Two-Node Clusters

In a two-node cluster, a single-node failure causes the other to stop working.

Situation

You have a cluster composed of only two nodes. One of the nodes leaves the cluster ungracefully. That is, instead of being shut down through init or systemd, it crashes or suffers a loss of network connectivity. The node that remains becomes nonoperational. It remains so until some additional information is provided by a third party, such as a human operator or another node.

If the node remained operational after the other left the cluster ungracefully, there would be the risk that each of the two nodes will think itself as being the Primary Component. To prevent this, the node becomes nonoperational.

Solutions

There are two solutions available to you:

  • You can bootstrap the surviving node to form a new Primary Component, using the pc.boostrap wsrep Provider option. To do so, log into the database client and run the following command:

    SET GLOBAL wsrep_provider_options='pc.bootstrap=YES';
    

    This bootstraps the surviving node as a new Primary Component. When the other node comes back online or regains network connectivity with this node, it will initiate a state transfer and catch up with this node.

  • In the event that you want the node to continue to operate, you can use the pc.ignore_sb wsrep Provider option.

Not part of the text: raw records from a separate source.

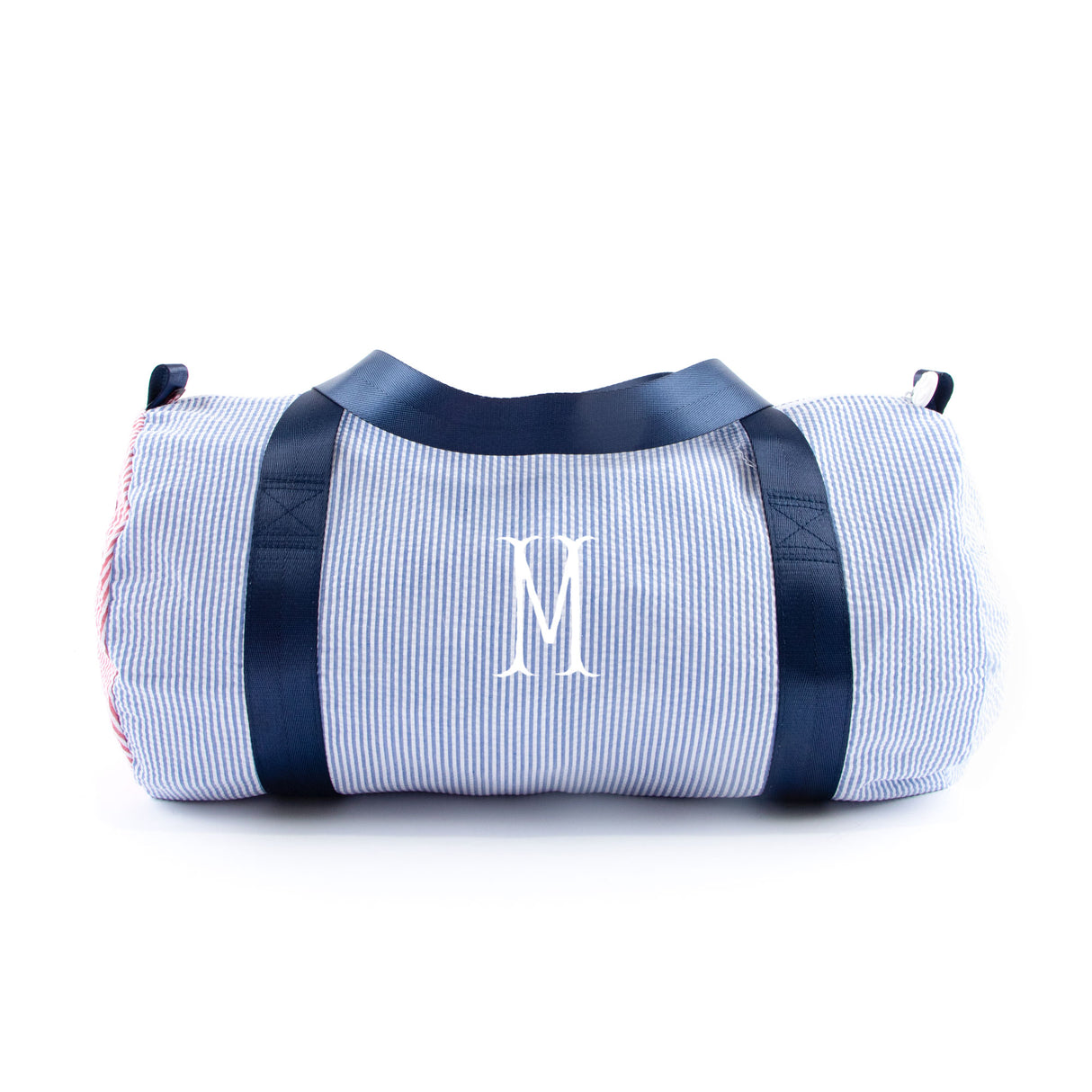 Medium Duffle Bag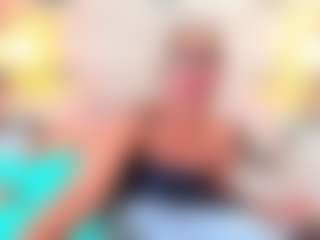 QUEENASS's Live Sex Cam Show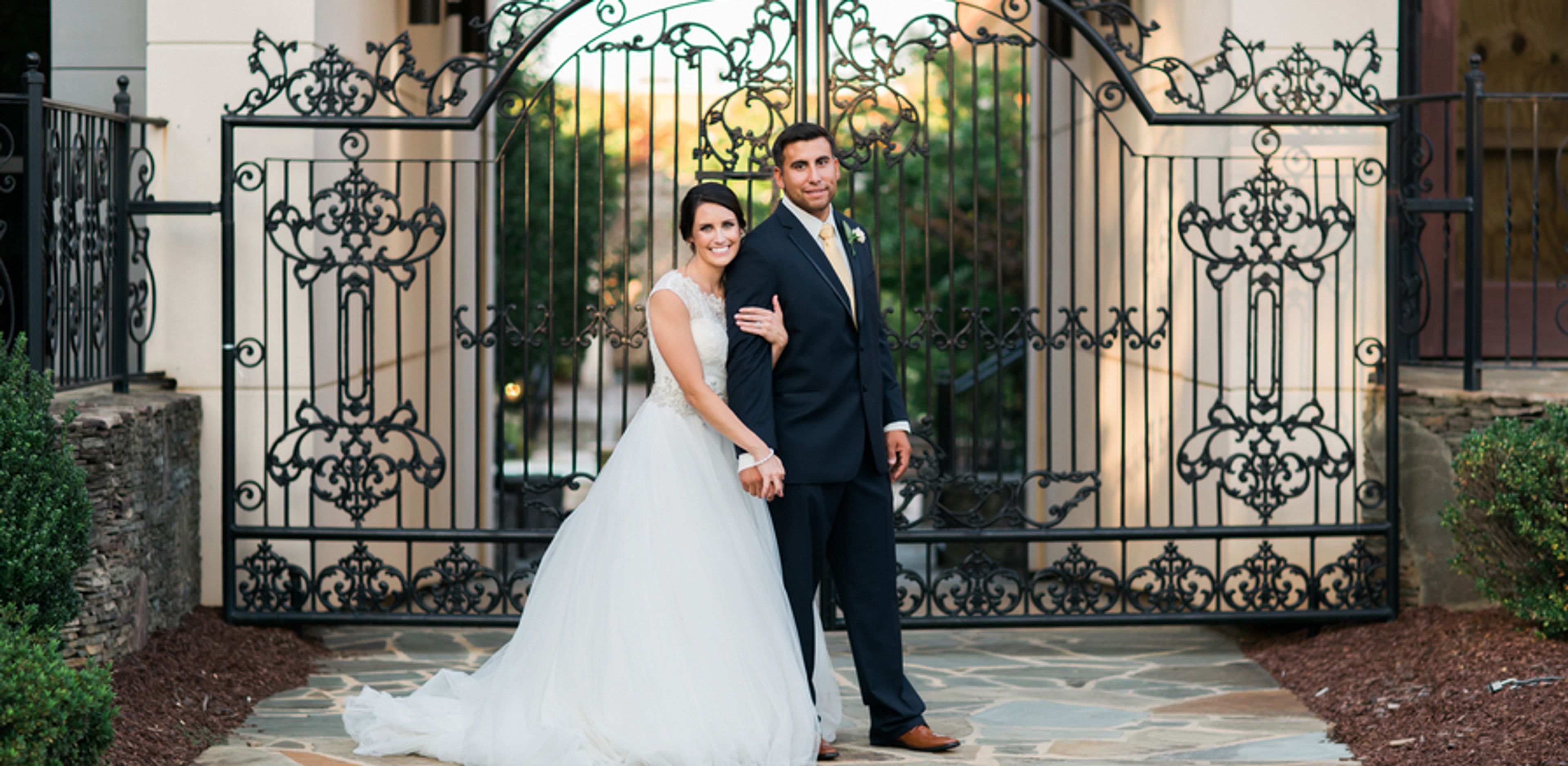 Cover photo of Danielle Defayette Photography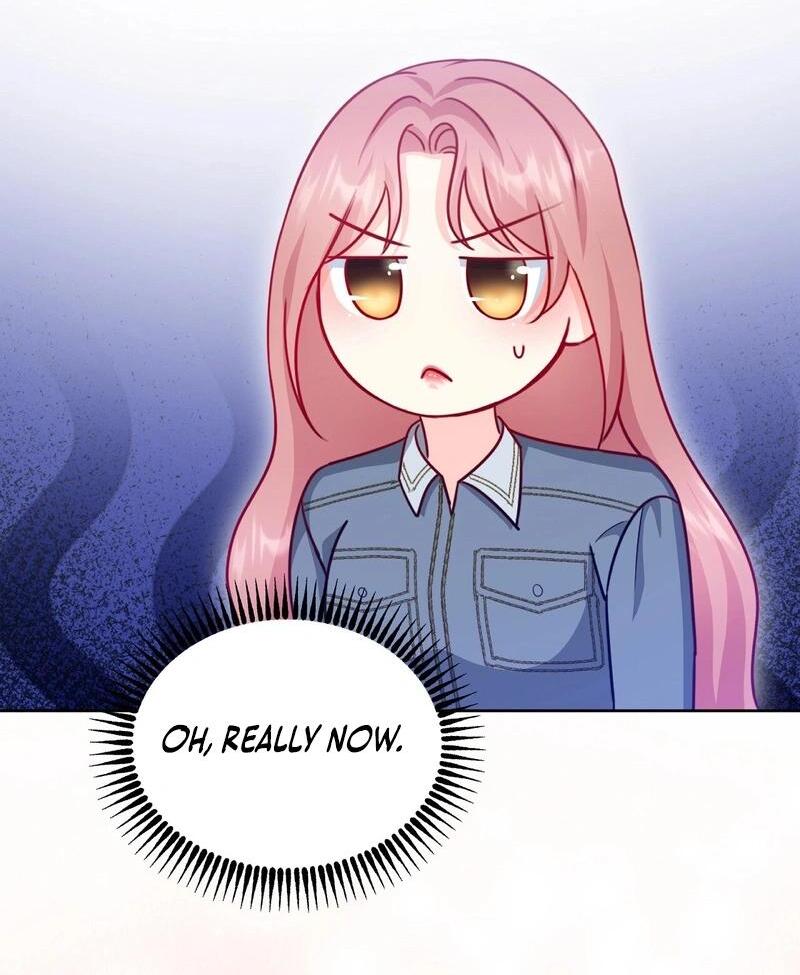 Entering With A New Groom Chapter 6 414 ch 6 26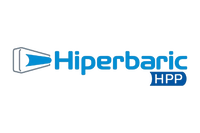 Hiperbaric, S.A.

To do so, log into the database client and run the following command:

    SET GLOBAL wsrep_provider_options='pc.ignore_sb=TRUE';
    

    The node resumes processing updates and it will continue to do so, even in the event that it suspects a split-brain situation.

    Note

    Warning: Enabling pc.ignore_sb is dangerous in a multi-master setup, due to the aforementioned risk for split-brain situations. However, it does simplify things in master-slave clusters, (especially in cases where you only use two nodes).

In addition to the solutions provided above, you can avoid the situation entirely using Galera Arbitrator. Galera Arbitrator functions as an odd node in quorum calculations. Meaning that, if you enable Galera Arbitrator on one node in a two-node cluster, that node remains the Primary Component, even if the other node fails or loses network connectivity.